There are loads and loads of scenarios for how this plays out and I won’t go over them here but almost all of them result in a particularly high threshold for gaining seats from list votes and a very high threshold for gaining more than one.

Combine that with the lack of a SNP-dominated distorting effect of the first-past-the-post element of the election and you have a problem. That problem is that pro-indy parties will almost certainly need to get more than 50% of the vote on the list to get more than 50% of the seats in the Scottish Parliament, and that never happened even at the peak of SNP popularity.

Pro-independence voters in poorer and working-class communities just don’t vote enough in national elections and the SNP have not built deep enough roots in these communities. Ironically it was first-past-the-post seats that created pro-indy majorities in Parliament without electoral majorities and that is very unlikely to be repeated in 2026.

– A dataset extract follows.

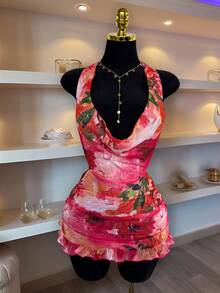 Bonvoyette Mono vestido con falda superpuesta y pliegues con estampado, para primavera/verano - Multicolor - Ver 3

How things would play out in a parliament without a pro-indy majority also offers a number of possible permutations and I won’t go through all of these here either but my assumption is that, this time, all the Unionist parties will repeatedly vote against an SNP nomination for first minister.

If Labour and the LibDems (who I presume would work together) have more seats than the SNP and the Greens, it’s over. If the Greens/SNP have more seats than Labour and the LibDems, Reform and the Tories would know that abstaining on a vote for a Sarwar first ministership would hand power back to the SNP. That seems very unlikely at this point, so the SNP go into opposition.

From there, I’m afraid things don’t get much better. After a bad loss, parties often reach for stories which make them feel better – it was the media, or a failure to explain all the party’s wonderful achievements, or that it would have been OK if it wasn’t for internal critics harming party unity.

Then the people who ran the party and the people who ran the campaign become the people who review their own performance in some internal process which generally produces an outcome that suggests “the foundations are solid”.

Anas Sarwar could be FM come 2026

That is the phrase that marks out a period of denial, of refusal to look seriously at what you got wrong, at resistance to reforming or rebuilding yourself. So what usually happens under this pattern is that the party persuades itself that it just needs to swap out a leader and tell the public it’s all fixed. It usually fails.

In that first cycle of failure, party establishments don’t take seriously their own culpability in how they got to where they got and they often don’t take seriously the fact that electors have a legitimate reasons to be disillusioned.

That’s why most political parties tend to lose power for at least two cycles. In the first, they blame everyone but themselves for why they are in the wilderness. In the second they may be far enough away from the first failure to start to address real problems. Most parties waste their first term in opposition – think Michael Howard’s Tories, or Wendy Alexander’s Scottish Labour, or Ed Miliband’s Labour, or Tim Farron’s LibDems (I had to look that up), or Jim Murphy’s Scottish Labour.

Many independence supporters are pessimistic about the 2026 election but many of them assume that a regrouping and a return to power in 2031 is inevitable. It isn’t. Already party members are speculating that the main problem they face is not having a sufficiently inspirational leader, so if the correct swap can be made things will right themselves. Think of that as the Alexander/Murphy/Kezia Dugdale cycle.

All of this is made much worse by another factor that always catches parties that lose power by surprise – the phone stops ringing. You assume all your contacts, all your lines of communications, all your networks remain intact. They don’t.

Many of them formed around you only because you had power. Without power and influence, your networks dissolve overnight. Without your networks, it is much harder to show the public you’ve rebuilt and are in a new, better shape.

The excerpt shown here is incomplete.